WHAT IS NEEDED
What is needed is an exact copy of the lines in the entries below from the one holding "chain, chair, crossed_legs" through the one holding "Star of David", pictures excluded.

PROVIDED DATA
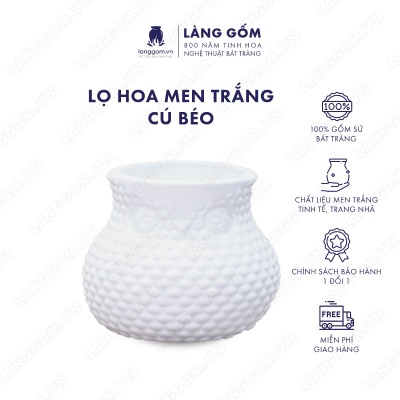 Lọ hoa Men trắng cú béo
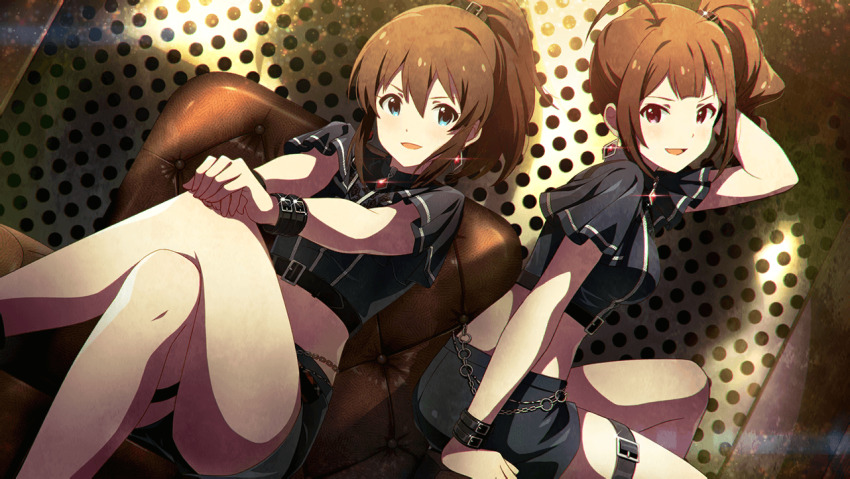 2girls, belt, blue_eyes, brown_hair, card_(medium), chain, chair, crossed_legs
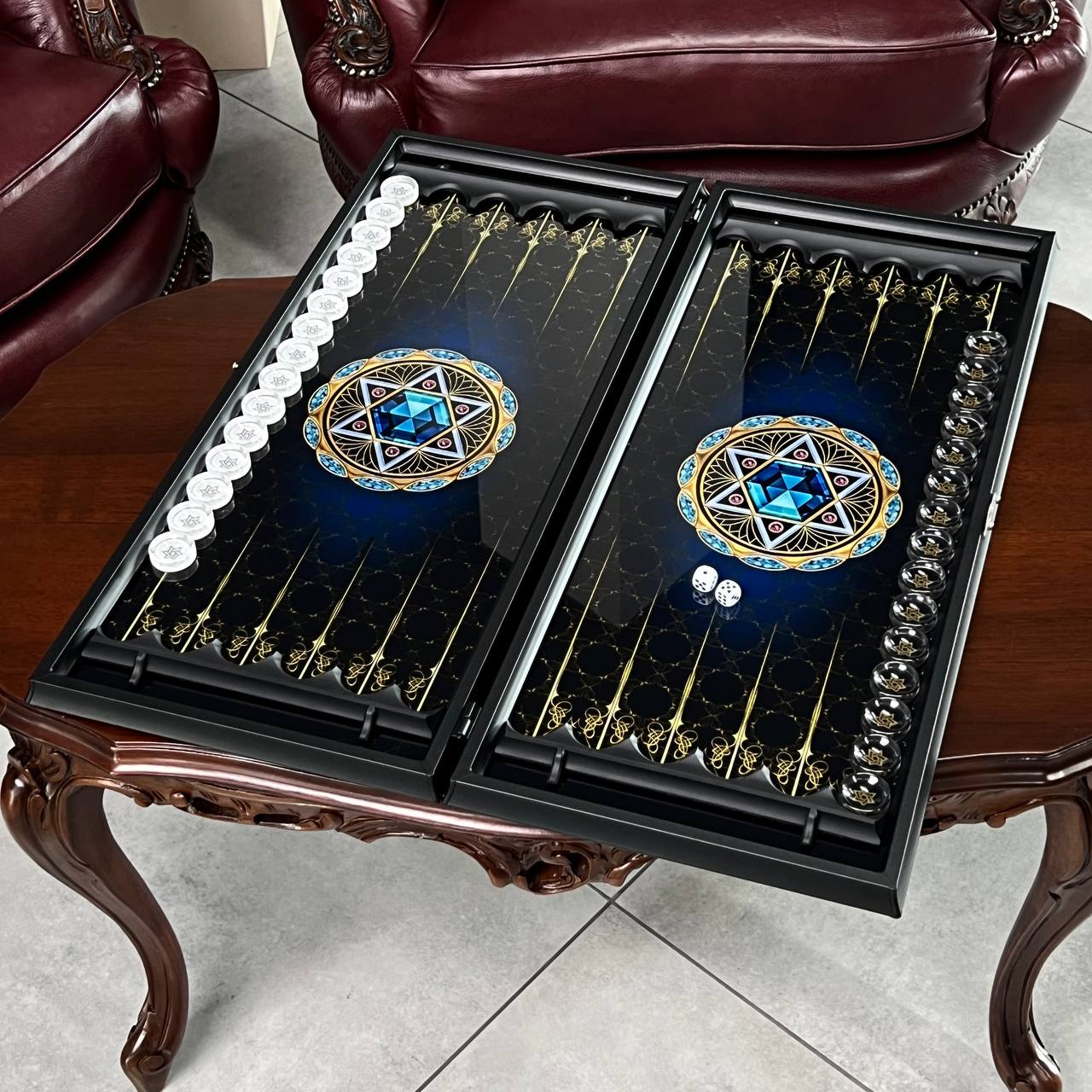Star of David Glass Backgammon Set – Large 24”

---

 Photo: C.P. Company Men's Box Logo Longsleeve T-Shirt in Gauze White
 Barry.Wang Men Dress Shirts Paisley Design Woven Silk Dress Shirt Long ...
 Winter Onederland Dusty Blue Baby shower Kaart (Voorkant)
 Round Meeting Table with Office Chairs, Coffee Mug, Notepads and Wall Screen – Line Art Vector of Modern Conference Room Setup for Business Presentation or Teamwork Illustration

SOLUTION BELOW
 2girls, belt, blue_eyes, brown_hair, card_(medium), chain, chair, crossed_legs
Star of David Glass Backgammon Set – Large 24”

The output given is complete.